1997 berichtete Hanns Kreisel im Tintling von der ältesten Postkarte in seiner reichen Sammlung, die den Fliegenpilz als Glückspilz darstellt. Die Karte wurde 1899 in Leipzig gestempelt. Seither begleiten Millionen von Fliegenpilzen alle möglichen Glückwunsch-Gegenstände. Oft sind sie begleitet von Kleeblättern, Hufeisen, Blumen, Schornsteinfegern, Marienkäfern und zudem von niedlichen Kindern. Sie werden überreicht oder übersandt zu Weihnachten und Neujahr, zum Geburtstag und nicht zuletzt zum Umzug etc. Weshalb aber muss ausgerechnet der Fliegenpilz als Motiv herhalten? Dafür gibt Kreisel die Erklärung, dass der Fliegenpilz durch sein auffälliges Äußeres ein eindrucksvolles Farbmuster mit Signalwirkung abgäbe. Das gilt ebenso für den Marienkäfer, der gleichsam leuchtend rot mit Punkten ist.

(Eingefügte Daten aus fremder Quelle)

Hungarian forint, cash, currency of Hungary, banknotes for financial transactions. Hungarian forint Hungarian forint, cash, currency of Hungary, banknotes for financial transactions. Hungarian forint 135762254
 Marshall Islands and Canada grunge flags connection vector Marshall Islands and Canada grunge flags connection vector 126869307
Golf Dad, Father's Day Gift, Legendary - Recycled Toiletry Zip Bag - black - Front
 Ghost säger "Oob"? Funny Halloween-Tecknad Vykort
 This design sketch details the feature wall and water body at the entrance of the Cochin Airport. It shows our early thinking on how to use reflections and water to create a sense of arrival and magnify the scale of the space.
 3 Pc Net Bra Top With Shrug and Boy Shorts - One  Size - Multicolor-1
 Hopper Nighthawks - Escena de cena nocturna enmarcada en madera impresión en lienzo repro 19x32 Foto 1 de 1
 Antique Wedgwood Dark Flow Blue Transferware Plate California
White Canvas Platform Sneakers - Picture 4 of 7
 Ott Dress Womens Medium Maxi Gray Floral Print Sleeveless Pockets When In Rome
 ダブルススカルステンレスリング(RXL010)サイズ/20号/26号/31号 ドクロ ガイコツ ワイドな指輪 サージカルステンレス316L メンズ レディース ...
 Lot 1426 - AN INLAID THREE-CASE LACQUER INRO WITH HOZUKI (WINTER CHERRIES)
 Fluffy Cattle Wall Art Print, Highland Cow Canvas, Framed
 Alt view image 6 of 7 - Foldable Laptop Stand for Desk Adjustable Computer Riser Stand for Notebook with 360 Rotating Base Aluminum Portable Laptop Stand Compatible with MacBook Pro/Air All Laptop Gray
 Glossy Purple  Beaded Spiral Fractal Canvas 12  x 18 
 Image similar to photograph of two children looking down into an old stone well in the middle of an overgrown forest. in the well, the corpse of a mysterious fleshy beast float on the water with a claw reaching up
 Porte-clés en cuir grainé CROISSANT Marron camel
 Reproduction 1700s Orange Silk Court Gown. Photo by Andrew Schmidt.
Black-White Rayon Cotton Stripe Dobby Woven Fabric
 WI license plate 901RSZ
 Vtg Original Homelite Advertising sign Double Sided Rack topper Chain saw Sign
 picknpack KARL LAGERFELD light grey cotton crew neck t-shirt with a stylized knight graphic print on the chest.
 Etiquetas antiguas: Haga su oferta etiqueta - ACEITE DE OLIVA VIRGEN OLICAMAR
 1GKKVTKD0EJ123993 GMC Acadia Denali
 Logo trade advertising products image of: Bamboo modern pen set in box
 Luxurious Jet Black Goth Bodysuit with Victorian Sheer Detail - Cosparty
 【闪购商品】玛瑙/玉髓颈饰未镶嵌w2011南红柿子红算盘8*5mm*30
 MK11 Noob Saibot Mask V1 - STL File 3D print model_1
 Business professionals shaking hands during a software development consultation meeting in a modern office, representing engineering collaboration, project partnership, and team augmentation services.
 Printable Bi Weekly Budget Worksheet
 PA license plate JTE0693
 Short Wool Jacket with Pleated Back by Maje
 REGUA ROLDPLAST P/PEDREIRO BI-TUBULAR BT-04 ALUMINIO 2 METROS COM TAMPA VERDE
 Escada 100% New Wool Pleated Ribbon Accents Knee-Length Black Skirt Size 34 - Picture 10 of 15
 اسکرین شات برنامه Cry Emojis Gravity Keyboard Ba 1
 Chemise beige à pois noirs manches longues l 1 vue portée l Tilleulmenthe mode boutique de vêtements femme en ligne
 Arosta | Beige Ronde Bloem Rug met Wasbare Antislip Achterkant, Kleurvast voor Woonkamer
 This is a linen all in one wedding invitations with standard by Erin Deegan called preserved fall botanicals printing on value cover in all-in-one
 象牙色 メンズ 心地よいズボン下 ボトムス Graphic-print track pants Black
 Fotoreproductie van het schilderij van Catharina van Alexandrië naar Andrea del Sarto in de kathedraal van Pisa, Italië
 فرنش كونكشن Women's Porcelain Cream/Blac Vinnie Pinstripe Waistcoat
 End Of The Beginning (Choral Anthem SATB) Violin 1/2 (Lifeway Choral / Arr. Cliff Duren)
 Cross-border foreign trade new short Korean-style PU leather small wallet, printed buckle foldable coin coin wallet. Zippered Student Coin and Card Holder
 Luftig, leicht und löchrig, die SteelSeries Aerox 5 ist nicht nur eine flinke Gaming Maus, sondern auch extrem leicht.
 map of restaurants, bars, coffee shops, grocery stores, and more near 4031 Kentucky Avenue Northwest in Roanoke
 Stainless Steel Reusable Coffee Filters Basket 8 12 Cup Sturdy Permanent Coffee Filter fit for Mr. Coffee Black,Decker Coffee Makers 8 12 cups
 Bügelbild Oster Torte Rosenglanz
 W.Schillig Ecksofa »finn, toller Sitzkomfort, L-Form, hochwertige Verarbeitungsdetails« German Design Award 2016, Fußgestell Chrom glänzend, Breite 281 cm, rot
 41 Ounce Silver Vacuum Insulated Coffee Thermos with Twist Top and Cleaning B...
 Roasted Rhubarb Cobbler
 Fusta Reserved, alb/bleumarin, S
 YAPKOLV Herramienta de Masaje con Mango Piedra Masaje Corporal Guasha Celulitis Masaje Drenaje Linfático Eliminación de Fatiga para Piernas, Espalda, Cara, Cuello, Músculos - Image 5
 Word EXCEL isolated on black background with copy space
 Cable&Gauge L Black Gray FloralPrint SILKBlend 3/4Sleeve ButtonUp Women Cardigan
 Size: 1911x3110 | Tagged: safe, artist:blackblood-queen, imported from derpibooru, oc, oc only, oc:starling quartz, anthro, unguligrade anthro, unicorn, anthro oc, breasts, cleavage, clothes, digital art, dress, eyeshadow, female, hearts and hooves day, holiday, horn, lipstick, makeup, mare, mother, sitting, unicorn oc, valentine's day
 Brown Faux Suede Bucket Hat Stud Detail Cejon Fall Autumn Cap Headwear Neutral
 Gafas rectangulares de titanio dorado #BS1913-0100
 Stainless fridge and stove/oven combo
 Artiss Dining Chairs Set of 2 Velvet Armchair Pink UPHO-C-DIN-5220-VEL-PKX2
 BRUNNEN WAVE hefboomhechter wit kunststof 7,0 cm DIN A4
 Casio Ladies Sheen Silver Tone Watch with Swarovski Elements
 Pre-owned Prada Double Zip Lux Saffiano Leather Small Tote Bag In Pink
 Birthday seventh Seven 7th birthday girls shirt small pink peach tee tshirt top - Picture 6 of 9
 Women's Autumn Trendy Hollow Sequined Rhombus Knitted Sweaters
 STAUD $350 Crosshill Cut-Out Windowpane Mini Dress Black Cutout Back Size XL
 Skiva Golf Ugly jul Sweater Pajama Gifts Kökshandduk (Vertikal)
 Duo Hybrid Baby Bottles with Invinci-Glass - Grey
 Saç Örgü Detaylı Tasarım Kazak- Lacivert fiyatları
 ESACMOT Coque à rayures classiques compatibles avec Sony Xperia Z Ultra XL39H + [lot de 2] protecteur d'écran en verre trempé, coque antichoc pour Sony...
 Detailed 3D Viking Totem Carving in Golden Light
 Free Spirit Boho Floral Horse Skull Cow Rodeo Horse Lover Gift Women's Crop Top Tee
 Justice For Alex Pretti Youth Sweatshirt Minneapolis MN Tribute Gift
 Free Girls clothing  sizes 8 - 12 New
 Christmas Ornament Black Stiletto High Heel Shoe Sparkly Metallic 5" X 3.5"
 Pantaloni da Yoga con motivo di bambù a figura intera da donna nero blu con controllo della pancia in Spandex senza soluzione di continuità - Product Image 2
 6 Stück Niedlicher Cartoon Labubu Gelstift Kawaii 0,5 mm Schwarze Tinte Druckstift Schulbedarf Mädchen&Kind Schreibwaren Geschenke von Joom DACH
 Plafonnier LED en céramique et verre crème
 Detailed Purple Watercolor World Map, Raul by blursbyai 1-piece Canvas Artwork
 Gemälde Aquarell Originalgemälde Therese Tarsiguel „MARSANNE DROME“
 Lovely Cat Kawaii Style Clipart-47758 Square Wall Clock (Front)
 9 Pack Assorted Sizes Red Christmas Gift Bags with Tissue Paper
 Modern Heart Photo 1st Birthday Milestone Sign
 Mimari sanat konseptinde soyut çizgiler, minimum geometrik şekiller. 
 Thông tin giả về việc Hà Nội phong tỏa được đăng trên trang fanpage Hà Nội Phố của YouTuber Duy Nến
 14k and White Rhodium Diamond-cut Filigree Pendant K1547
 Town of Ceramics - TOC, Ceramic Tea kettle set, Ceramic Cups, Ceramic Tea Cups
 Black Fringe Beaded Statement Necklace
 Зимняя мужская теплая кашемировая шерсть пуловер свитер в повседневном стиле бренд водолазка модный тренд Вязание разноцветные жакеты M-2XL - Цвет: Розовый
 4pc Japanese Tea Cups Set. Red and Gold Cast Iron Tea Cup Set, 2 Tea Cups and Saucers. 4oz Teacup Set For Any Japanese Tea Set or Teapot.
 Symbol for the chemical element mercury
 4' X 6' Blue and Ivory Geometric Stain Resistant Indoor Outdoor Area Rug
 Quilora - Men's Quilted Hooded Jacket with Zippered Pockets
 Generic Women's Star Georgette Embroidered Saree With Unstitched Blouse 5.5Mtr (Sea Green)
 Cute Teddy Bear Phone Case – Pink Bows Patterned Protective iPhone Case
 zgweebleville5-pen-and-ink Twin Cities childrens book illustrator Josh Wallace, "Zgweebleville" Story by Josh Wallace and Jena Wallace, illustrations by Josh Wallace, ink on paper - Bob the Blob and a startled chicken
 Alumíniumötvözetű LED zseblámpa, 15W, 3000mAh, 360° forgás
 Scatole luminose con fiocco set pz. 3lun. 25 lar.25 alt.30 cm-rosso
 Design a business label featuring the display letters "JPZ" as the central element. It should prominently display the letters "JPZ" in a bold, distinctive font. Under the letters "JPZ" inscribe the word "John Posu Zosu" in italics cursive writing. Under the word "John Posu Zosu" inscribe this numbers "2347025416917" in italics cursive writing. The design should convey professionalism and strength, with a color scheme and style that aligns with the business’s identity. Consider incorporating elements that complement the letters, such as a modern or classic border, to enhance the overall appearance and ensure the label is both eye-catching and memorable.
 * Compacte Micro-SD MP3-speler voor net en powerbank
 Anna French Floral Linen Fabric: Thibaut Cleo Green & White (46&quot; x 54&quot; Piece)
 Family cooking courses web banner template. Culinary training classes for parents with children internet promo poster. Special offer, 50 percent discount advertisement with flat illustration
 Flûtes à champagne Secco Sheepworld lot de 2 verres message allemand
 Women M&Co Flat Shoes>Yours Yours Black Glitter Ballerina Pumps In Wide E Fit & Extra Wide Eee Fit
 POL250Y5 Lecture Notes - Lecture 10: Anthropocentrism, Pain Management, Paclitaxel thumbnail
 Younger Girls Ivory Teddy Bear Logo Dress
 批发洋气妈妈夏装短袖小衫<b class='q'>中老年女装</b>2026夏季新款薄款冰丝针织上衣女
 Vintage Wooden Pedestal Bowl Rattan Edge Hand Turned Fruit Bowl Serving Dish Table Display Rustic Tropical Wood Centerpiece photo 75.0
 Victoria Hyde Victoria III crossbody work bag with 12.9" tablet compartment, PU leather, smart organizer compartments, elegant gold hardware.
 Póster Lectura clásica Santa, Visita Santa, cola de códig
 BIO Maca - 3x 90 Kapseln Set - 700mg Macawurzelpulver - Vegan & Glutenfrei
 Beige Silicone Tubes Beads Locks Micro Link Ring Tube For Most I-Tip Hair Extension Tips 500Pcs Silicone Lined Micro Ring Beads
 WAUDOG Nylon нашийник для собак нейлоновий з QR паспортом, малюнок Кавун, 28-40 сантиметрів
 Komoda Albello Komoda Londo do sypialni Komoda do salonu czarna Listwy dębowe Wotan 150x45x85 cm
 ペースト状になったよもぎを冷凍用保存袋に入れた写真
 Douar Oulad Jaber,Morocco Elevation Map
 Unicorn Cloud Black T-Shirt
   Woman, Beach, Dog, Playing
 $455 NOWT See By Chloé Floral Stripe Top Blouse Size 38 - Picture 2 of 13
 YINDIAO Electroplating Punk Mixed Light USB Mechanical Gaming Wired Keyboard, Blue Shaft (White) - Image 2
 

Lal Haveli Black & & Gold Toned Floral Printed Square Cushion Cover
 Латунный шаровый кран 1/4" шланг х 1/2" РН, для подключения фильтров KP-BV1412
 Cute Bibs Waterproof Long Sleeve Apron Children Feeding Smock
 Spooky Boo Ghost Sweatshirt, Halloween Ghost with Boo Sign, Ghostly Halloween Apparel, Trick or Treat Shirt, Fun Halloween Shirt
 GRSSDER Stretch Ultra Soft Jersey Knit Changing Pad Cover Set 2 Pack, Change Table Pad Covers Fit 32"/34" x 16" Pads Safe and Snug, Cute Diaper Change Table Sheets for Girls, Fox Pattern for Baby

↑ Der Fliegenpilz als Glückspilz auf einer Postkarte von 1899
Der Glänzende Lackporling als Glückspilz
In China, Japan, Korea und Vietnam ist der Glänzende Lackporling (Ganoderma lucidum) seit uralten Zeiten als Glückspilz bekannt und beliebt. Das war er auf alle Fälle bereits sehr viel länger als der Fliegenpilz.
Foto: Wilhelm Schulz →
Fliegenpilze sind nicht in allen Ländern als Glückspilze positiv besetzt.
Der Begriff „Glückspilz“ war im 18. Jh. keineswegs schmeichelhaft. Er hatte vielmehr die Bedeutung „Emporkömmling“ oder „Parvenu“. Er bezeichnete also jemanden, der „wie ein Pilz gleichsam aus dem Nichts aufschießt“.
Erst in der zweiten Hälfte des 19. Jh. ist „Glückspilz“ dann gleichbedeutend mit „Glückskind“ geworden. „Glückspilz“ bezeichnete einen vom Glück begünstigten Menschen.
Glückspilze, insbesondere Fliegenpilze, sind längst nicht in allen Ländern Europas positiv besetzt. Die spanische Übersetzung für Glückspilz ist „diablo suerte“ – „Teufelsglück“. Weitere Definitionen sind „el ganguero“ (Glücksritter) und „el ventajero“. Letzteres bedeutet auch Gauner oder Streber, so Kreisel.